Could Bilateral Progressive Corneal Ectasia Be Transient? Exploring A Case Of Full Reversibility
Published 2024 - 42nd Congress of the ESCRS
Reference: CC01.08 | Type: Case Report | DOI: 10.82333/zg0k-bc94
Authors: Chiara Bonzano* 1 , Davide Borroni 2 , Federica Tessitore 3 , Carlo Enrico Traverso 1
1Eye Clinic, University of Genoa and IRCCS San Martino Polyclinic Hospital,Genova,Italy, 2Riga Stradins University,Riga,Latvia, 3Eye Clinic, University of Genoa and IRCCS San Martino Polyclinic Hospital,genova,Italy
Purpose
To report an unusual case of a fully reversible bilateral progressive corneal ectasia
Setting
Report of case
A 24-year-old girl was referred to our clinic due to decreased vision and the recent onset of astigmatism in both eyes (OO). The patient reported a history of Bell's palsy and a recent treatment with isotretinoin. She complained about photophobia, foreign body sensation, and itching, causing frequent eye rubbing. Her distance best-corrected visual acuity(VA) was 20/20 and 20/25 in the right and left eye. Corneal topography showed irregular astigmatism and an abnormal Surface Asymmetry Index (SAI) in OO. The elevation and complex aberration indices were compatible with KC. The instrument statistical analysis software classified the map as 40% KC similarity and 60% KC severity in the best eye. The pachymetry map detected KC's eccentric corneal thinning characteristics in OO. Slit-lamp examination revealed conjunctival injection and upper tarsal giant papillae in OO. The patient was instructed to avoid eye rubbing. Preservative-free tear substitute and 0.1% cyclosporine ophthalmic emulsion quid were prescribed. At 3, 6, 9, and 12- month follow-ups, slit-lamp findings revealed a regression of hyperemia and giant papillae and improved tear stability with an uncorrected VA of 20/20 in OO. The topography showed a regression of the corneal ectasia in OO. The KC screening application did not detect any anomalies.
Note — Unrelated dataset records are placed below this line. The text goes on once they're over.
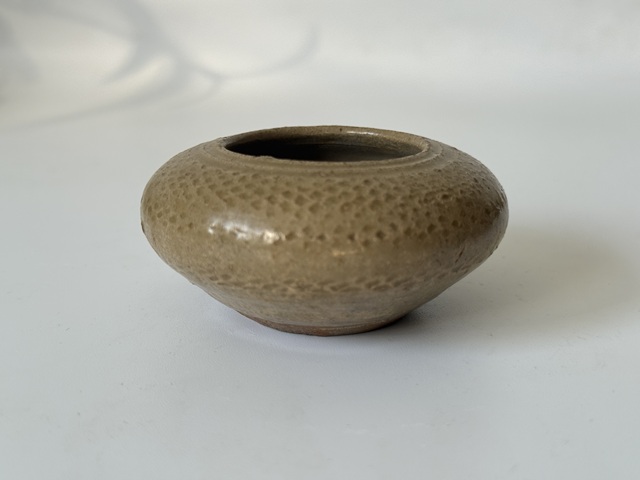 古玩陶瓷西晉越窯棱形紋飾水盂真品鑒賞圖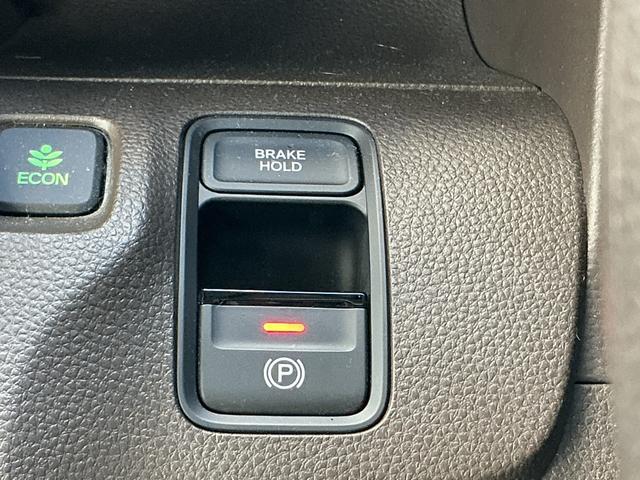 Ｎ－ＷＧＮ Ｇホンダセンシング　ディスプレイオーディオ・電子パーキング・ワンオーナー車　禁煙　１オーナ　イモビライザー　横滑り防止　エアコン　パワーウインドウ　キーレスエントリー　パワーステアリング　記録簿　両席エアバック　ＡＢＳ（6枚目）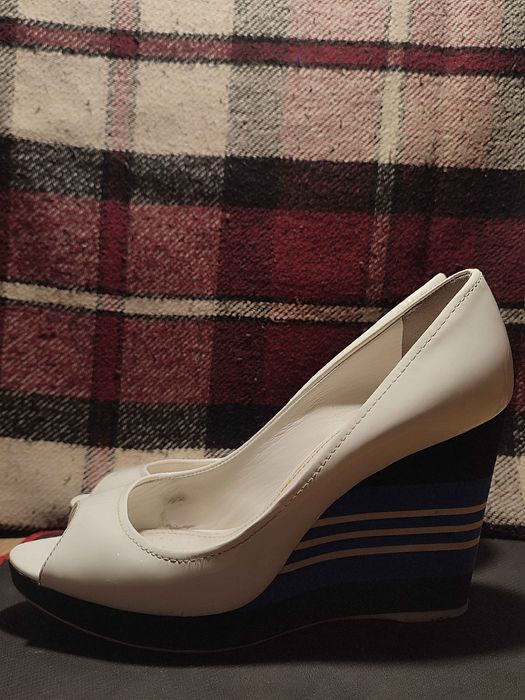 жіночі туфлі prada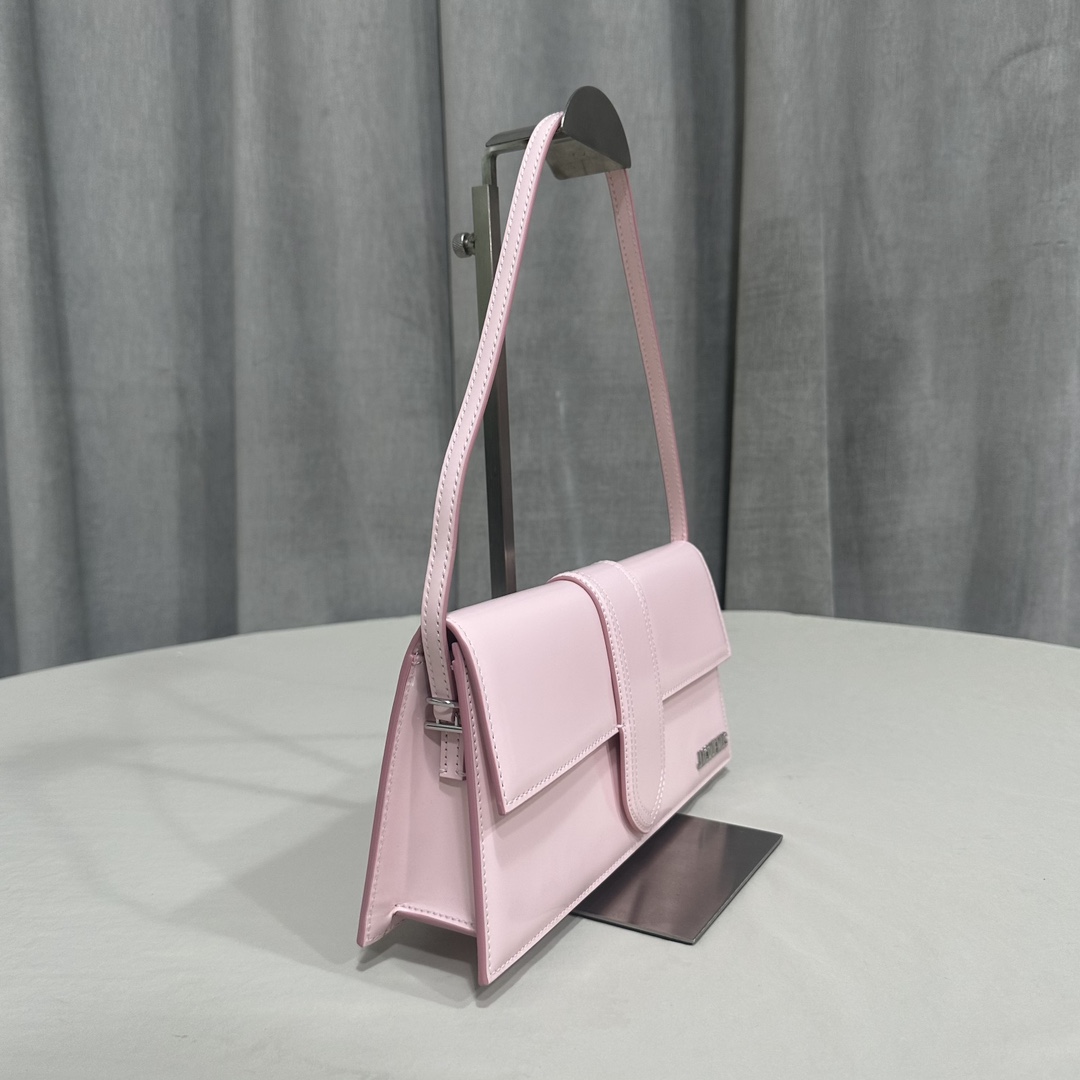JACQUEMUS LE GRAND BAMBINO LONG PALE PINK –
Conclusion/Take home message
Unrecognized Vernal keratoconjunctivitis (VKC) can lead to anatomical and refractive consequences. The prevalence rate of KC is 26.8% among VKC patients, whereas abnormal topography may appear in up to 71% of them. In our case, the association between corneal ectasia and VKC may reflect the eye-rubbing-related corneal response. Treatment with 0.1% cyclosporine led to a favorable evolution in clinical and anatomical indices, proving to be a good treatment. Proper recognition of the VKC complications is crucial, as most of these can be managed or prevented. Despite the accuracy of diagnostic tools in diagnosing KC, they cannot replace an accurate clinical examination.